In a post earlier today, I talked about the DC Charity scene needing a makeover, to which was met with exactly 27 positive emails, saying they were glad I brought up a topic so many are afraid to broach (including four models, 21 attendees and two who didn’t attend but have in the past)… and one blog post, defending their friends, by someone involved with the event.
First, I don’t blame anyone for defending their friends. I just did it, on behalf of mine. However, what I would like to call attention to is what was failed to be noted in your post that I included on mine:
1. “For anyone that doesn’t know what Fashion for Paws is, it’s an annual runway event that has raised $2.2M so far (over six years). It went from a small, humble event to one of DC’s most well-attended, well-known events in the younger DC social circles…” – I believe that was a positive nod to the program.
2. “It was a beautiful event that took place at the Italian Embassy, was well-attended and still in it’s humble beginnings. It was inspiring – I wanted to help – wanted to raise money for the organization and walk the runway, knowing I had made a difference in some animals’ lives.” – I believe this was also a positive nod to the program.

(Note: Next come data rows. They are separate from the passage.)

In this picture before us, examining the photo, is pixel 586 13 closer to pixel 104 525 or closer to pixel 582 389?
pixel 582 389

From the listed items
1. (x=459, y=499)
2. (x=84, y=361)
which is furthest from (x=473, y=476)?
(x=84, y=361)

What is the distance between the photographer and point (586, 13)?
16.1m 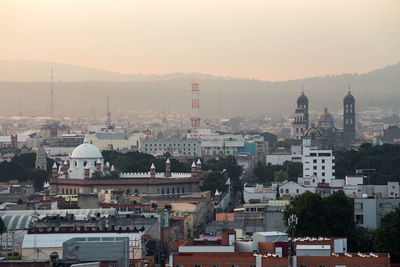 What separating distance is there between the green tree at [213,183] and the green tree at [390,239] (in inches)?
1548

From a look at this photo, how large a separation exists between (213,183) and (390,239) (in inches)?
1683

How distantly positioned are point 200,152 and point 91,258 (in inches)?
5149

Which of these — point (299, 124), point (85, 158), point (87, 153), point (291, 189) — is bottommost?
point (291, 189)

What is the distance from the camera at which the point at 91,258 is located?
3038 cm

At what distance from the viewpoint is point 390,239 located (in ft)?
133

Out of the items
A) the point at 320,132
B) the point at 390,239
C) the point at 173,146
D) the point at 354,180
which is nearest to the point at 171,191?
the point at 354,180

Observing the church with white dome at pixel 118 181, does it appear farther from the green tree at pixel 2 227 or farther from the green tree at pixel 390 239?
the green tree at pixel 390 239

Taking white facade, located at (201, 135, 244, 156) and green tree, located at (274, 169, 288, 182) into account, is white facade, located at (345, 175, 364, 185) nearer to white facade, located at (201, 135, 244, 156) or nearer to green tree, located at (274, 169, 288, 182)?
green tree, located at (274, 169, 288, 182)

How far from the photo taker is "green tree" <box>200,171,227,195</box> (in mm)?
81875

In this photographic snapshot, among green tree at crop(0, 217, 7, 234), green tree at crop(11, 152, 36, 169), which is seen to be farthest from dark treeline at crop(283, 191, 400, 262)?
green tree at crop(11, 152, 36, 169)

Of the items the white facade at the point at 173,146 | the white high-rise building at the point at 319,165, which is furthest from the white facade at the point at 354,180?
the white facade at the point at 173,146

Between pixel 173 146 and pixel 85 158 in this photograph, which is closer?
pixel 85 158

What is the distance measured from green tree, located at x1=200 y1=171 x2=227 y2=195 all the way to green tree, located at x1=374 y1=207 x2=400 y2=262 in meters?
39.3

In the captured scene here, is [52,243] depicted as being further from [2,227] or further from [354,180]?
[354,180] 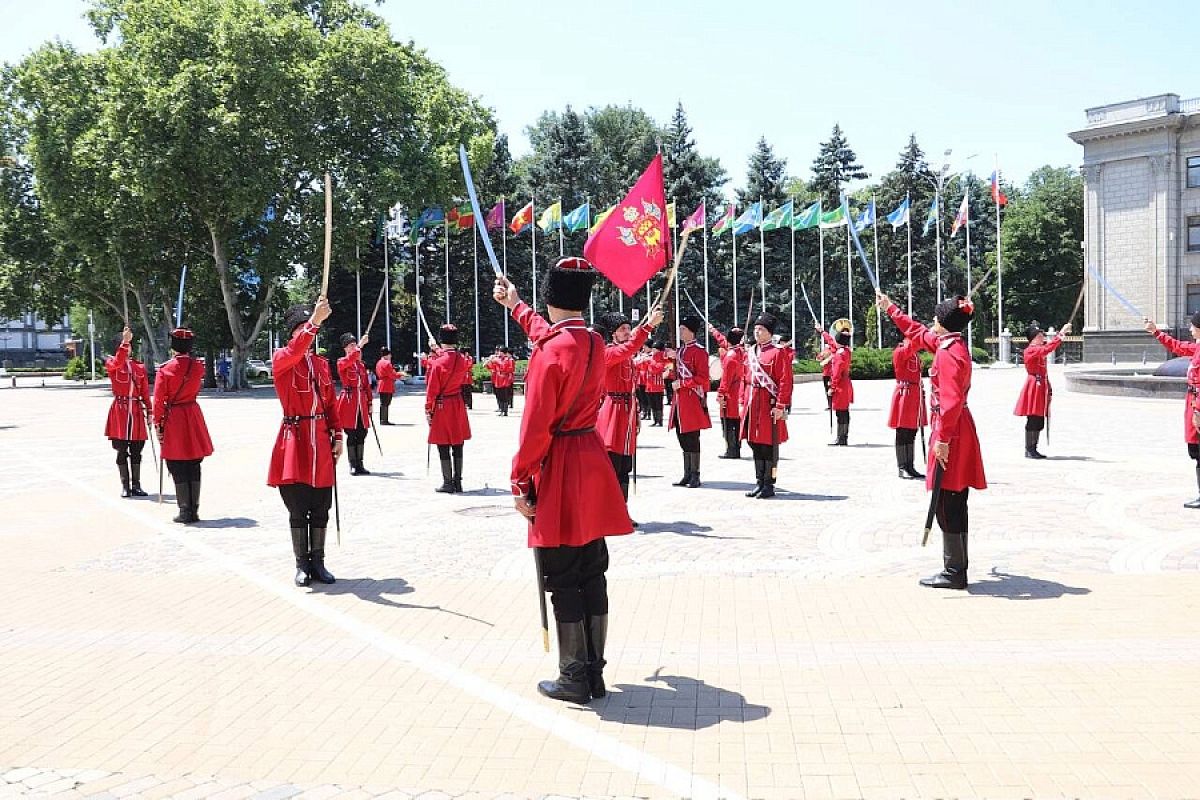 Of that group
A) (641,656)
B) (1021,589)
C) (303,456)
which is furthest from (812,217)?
(641,656)

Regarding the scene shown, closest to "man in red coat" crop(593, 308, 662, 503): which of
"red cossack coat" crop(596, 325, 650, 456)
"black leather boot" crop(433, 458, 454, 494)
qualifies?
"red cossack coat" crop(596, 325, 650, 456)

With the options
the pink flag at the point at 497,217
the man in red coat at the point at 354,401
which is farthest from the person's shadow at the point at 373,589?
the pink flag at the point at 497,217

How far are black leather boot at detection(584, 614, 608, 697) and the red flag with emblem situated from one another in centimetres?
320

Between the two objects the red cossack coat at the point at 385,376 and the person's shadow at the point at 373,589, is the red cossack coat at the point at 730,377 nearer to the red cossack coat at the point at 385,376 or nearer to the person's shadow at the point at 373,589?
the person's shadow at the point at 373,589

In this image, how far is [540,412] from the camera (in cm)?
531

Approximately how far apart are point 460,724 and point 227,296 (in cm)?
4514

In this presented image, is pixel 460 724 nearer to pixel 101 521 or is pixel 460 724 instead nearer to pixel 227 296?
pixel 101 521

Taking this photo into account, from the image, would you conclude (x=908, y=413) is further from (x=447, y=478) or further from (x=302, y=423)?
(x=302, y=423)

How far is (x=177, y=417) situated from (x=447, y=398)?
3537mm

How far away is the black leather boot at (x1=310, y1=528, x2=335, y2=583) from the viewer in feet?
27.5

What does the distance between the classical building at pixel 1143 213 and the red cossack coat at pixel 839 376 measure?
4767 centimetres

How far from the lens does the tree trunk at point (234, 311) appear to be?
45875mm

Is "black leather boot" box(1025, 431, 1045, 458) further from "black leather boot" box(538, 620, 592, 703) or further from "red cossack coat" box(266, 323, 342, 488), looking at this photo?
"black leather boot" box(538, 620, 592, 703)

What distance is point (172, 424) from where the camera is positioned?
442 inches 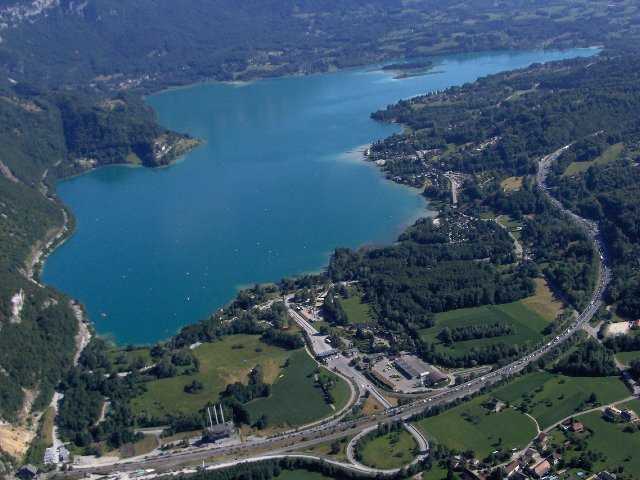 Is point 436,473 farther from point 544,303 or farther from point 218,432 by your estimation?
point 544,303

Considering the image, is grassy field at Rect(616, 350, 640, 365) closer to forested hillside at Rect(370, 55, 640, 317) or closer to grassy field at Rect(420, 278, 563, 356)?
grassy field at Rect(420, 278, 563, 356)

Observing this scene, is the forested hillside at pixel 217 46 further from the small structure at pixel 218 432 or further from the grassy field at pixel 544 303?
the small structure at pixel 218 432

3. “Yes, these little details are things that I, as someone who has done enough events of all sizes, noticed. Still, these things happen to every event – it’s through no fault of the organization.” – Did I assign blame to WHS?
See, the reason why my post came about in the first place was not because of the execution of the event (although those details made for a strong opening) – it was hearing story after story of how VETERAN models were being treated, and then seeing some of the “aftermath”. This, coupled with my own experiences in some of DC’s other “famed” charities, caused me to re-think how I approach my involvement. Given that this is my blog, whereby I can express my opinion, I’m going to. It is not meant in any way to persuade anyone else, whatsoever, to follow along with me. In fact, I would rather you form your own opinions, as experiences land different for everyone.

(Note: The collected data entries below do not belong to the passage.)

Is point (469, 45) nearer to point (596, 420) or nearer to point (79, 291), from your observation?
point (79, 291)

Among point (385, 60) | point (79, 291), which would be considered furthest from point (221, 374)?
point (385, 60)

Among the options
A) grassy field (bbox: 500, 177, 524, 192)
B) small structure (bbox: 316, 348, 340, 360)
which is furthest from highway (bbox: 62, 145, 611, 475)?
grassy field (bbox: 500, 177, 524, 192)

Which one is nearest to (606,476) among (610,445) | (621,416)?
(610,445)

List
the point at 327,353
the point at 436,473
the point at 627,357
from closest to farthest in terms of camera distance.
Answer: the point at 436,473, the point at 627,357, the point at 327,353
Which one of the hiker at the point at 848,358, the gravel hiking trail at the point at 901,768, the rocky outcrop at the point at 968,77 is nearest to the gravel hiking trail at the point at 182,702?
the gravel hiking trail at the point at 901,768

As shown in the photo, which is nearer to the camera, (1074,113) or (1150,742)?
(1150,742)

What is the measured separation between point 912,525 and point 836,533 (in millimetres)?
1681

Still, I stand by what I said about this scene overall and for that, I will not apologize. I’m not someone who heard from a friend, who heard from a friend. I’ve been witness to, as well as directly involved with, situations where some of those that have worked so hard have been treated as though their efforts didn’t matter because someone raised more, or someone put in more effort, etc.

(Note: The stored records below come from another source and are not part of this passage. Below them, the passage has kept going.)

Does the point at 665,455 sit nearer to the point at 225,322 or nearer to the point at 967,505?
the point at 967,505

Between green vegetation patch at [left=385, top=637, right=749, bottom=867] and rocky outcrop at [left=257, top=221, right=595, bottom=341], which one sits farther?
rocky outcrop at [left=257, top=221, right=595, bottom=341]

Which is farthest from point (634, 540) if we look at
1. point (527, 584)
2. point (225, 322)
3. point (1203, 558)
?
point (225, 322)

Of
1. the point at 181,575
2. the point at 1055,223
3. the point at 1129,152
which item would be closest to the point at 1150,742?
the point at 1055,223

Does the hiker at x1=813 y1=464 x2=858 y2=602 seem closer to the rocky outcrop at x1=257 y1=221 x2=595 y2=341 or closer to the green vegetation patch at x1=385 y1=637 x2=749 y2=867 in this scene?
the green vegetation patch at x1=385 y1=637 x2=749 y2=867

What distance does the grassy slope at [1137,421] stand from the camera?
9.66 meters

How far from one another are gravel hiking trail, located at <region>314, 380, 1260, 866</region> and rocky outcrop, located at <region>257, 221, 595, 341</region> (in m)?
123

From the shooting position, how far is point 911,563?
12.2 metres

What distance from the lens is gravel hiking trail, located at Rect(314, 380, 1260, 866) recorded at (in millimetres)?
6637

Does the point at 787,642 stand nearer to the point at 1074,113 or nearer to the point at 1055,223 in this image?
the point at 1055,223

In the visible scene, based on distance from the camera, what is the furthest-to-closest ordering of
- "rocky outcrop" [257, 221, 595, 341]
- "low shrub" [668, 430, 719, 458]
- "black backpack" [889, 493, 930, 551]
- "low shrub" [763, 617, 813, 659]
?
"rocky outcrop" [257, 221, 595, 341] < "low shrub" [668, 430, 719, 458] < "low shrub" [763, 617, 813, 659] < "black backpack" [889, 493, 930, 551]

I’ve seen countless articles, posts and videos come out about how great the vendors have been for various events, as well as how great some of the more celebrated volunteers are. What about those lesser-known? My point is this – regardless of level of participation, everyone who put in more than their credit card number, deserved equal billing in my opinion. Even one volunteer can make a huge difference.
Was my post ill-timed, based on Saturday’s event? Maybe. But for me, it gave me validation in what I needed, in order to make some decisions about how I spend my time, where I spend my money and what is important to me at the end of the day. It doesn’t mean I will never support another charity, or even never support one in question. What it means is I spend just a bit more time contemplating how I do it and when.